Welcome to the seventh and latest update to the online version of Green’s Dictionary of Slang.
As ever, some statistics: research over the last three months has added 311 new slang terms, 319 entries have been predated as to their currently recorded ‘first use’ and 2,839 new citations – including ante-dates, inter-dates and post-dates to reflect the continuing use of many terms – have been uploaded. The database currently offers 55,003 headwords (within which are nested over 133,000 discrete words and phrases, underpinned by approximately 630,000 citations). All of this new material can be seen by subscribers; the changes that are reflected by the predates are also shown in alterations in the approximate dating used in the absence of citations: for instance ‘late 19C’ to ‘early 19C’, ‘1980s+’ back to ‘1940s+’, and so on. But as ever, for those who want or need to access the detailed and continually evolving and expanding heart of the data, we have to recommend a subscription.

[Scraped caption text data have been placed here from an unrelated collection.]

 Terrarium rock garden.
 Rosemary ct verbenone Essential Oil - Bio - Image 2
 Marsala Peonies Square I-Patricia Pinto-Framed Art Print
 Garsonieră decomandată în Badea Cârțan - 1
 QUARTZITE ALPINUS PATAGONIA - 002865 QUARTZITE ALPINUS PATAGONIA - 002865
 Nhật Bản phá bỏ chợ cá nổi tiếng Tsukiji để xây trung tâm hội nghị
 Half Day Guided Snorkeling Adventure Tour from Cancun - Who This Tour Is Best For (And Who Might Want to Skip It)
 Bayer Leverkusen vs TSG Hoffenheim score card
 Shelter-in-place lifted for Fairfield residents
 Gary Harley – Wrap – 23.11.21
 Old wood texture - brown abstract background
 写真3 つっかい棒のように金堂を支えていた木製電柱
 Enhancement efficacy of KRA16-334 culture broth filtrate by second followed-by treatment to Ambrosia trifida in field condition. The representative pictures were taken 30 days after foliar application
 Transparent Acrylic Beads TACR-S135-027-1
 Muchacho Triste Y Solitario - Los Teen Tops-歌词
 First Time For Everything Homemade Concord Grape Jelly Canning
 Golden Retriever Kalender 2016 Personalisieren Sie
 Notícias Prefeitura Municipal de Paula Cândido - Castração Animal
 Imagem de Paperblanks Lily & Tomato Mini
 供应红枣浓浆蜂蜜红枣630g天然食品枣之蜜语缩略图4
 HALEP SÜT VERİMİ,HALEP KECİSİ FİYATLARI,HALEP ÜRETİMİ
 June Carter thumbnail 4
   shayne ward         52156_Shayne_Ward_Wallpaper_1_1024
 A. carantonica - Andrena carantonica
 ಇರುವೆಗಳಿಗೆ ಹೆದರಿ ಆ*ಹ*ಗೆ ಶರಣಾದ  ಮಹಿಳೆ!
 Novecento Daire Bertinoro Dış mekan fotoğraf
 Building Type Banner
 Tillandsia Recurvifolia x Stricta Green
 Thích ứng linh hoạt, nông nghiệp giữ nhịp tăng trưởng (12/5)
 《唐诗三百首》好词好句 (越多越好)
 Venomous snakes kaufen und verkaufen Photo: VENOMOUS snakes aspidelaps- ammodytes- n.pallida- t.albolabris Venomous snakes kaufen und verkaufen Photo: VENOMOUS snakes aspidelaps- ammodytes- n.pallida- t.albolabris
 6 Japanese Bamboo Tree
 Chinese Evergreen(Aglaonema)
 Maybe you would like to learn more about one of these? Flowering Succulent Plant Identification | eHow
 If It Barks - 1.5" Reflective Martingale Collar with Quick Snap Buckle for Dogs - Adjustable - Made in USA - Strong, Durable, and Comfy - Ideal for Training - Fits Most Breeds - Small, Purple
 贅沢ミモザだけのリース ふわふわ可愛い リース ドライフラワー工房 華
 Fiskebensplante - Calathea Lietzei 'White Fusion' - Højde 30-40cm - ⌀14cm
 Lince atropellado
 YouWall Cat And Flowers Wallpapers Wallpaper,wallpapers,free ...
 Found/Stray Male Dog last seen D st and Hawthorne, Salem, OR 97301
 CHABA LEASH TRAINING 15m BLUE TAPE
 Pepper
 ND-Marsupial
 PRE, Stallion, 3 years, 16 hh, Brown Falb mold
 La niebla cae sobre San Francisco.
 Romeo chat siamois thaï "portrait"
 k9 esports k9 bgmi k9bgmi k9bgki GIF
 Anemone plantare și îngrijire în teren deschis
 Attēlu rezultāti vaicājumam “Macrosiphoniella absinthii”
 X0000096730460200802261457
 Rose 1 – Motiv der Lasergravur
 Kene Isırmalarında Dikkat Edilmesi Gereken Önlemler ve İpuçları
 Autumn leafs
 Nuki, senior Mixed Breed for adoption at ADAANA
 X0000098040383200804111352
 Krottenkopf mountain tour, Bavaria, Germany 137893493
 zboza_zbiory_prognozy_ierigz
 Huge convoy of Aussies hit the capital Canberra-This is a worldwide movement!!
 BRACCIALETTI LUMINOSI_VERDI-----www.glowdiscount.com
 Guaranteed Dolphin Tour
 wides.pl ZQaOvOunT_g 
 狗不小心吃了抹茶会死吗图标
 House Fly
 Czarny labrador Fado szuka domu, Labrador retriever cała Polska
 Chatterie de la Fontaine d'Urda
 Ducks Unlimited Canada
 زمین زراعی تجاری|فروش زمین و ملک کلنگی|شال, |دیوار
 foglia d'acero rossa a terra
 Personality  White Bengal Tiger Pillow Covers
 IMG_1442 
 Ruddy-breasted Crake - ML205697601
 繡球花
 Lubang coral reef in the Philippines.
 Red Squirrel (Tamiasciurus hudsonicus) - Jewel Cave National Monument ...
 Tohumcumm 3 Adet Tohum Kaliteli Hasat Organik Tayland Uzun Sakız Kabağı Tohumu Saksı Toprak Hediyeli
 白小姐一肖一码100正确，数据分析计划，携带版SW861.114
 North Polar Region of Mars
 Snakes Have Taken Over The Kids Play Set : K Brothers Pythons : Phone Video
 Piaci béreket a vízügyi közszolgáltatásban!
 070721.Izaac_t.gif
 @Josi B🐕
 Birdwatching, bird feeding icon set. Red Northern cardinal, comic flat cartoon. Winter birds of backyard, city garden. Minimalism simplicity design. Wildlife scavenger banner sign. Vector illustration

For an overview, with the fruits of the last quarter’s research in chronological order, all users of the dictionary can go here. This uses the same software as the Timelines of Slang. As usual the research has focused largely on newspaper databases, notably that held by the British Library, the US Library of Congress and, for Australia, Trove. These, by their nature, tend to look backwards in time, but there is also an on-going accretion of up-to-date slang. Thus there are also a substantial number of terms from UK drill music, state of the art as regards London slang, and, to go back to the other end of slang’s history, some 17th century pamphleteering, often credited to women authors.
New terms are marked in red, ante-dates in blue. The format has been improved: entries now link to the specific part of an entry, its sense and where pertinent its homonym number. Unfortunately the software does not permit click-through access (this is in development) , but users will be able to see which part of an entry has improved.